While property prices are skyrocketing, a Las Vegas landlord has refused to increase rent on his tenants.
Tom Trout, a 71-year-old war veteran and landlord of several properties is doing business the only way he understands how.
“Some people might think I have the I.Q. of a grasshopper, but I like to keep my tenants,” Trout said in a local interview.
He went on to say that all of his properties are paid for and that he has no worries. Therefore, it is not meant to make more money by raising the rent, according to SBLY Spotlight.
“When they live in one of my homes, it is their home,” the landlord who has a college degree in geology said of his tenants. “And, therefore, they feel like a homeowner.”
Bill Donnelly, a disabled Vietnam War veteran and one of Trout’s long-time renters, has seen his rent drop unexpectedly over the years.
He has been renting a four-bedroom, 2.5 bathroom home and a garage that can fit two cars from Trout in Henderson. “I’ve never met a man like this in my life, and I’m getting ready to turn 78,” he said.
The 1,600-square-foot house cost Donnelly $1,200 a month when he moved in. Then, every year, the rent fell by $100 until it reached $900 per month, where it has remained ever since.
According to the real estate website Zillow, similar-sized houses in the same ZIP code rent for $2,000-$2,400.
Donnelly was anxious that Trout might sell the house. He wanted to pay additional rent, but Trout declined.
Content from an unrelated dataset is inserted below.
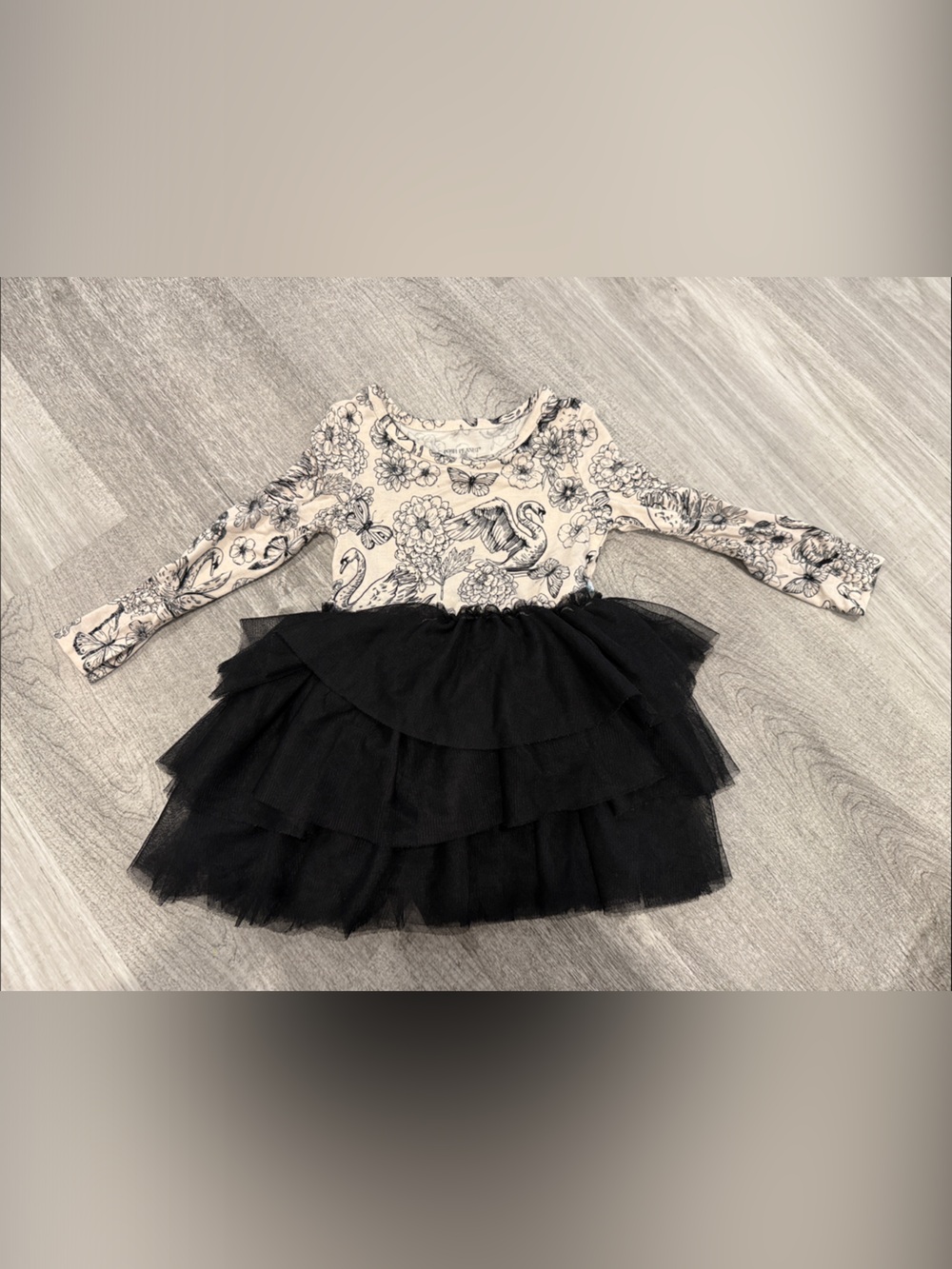 Posh Peanut Black Tulle Tiered Dress with Cream Floral Top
If Donnelly insisted on paying more, Trout would lower the rent even further.
“He’s a veteran,” the landlord stated, according to Las Vegas Sun. “I admire him. He served our country. And why should a landlord destroy the house that he lives in?”
According to a survey in 2020, 7.4 million people in the country are paying rent.
According to the Census Bureau’s poll, the majority of these persons are struggling to pay their rent. Nevada accounts for 14% of the respondents in this poll, with 129,000 residents unable to make timely rent payments.
However, none of Trout’s tenants has delayed a payment despite the financial challenges caused by the coronavirus pandemic.
He had not visited Las Vegas in over a year to check on his properties, and he would not change to any other way.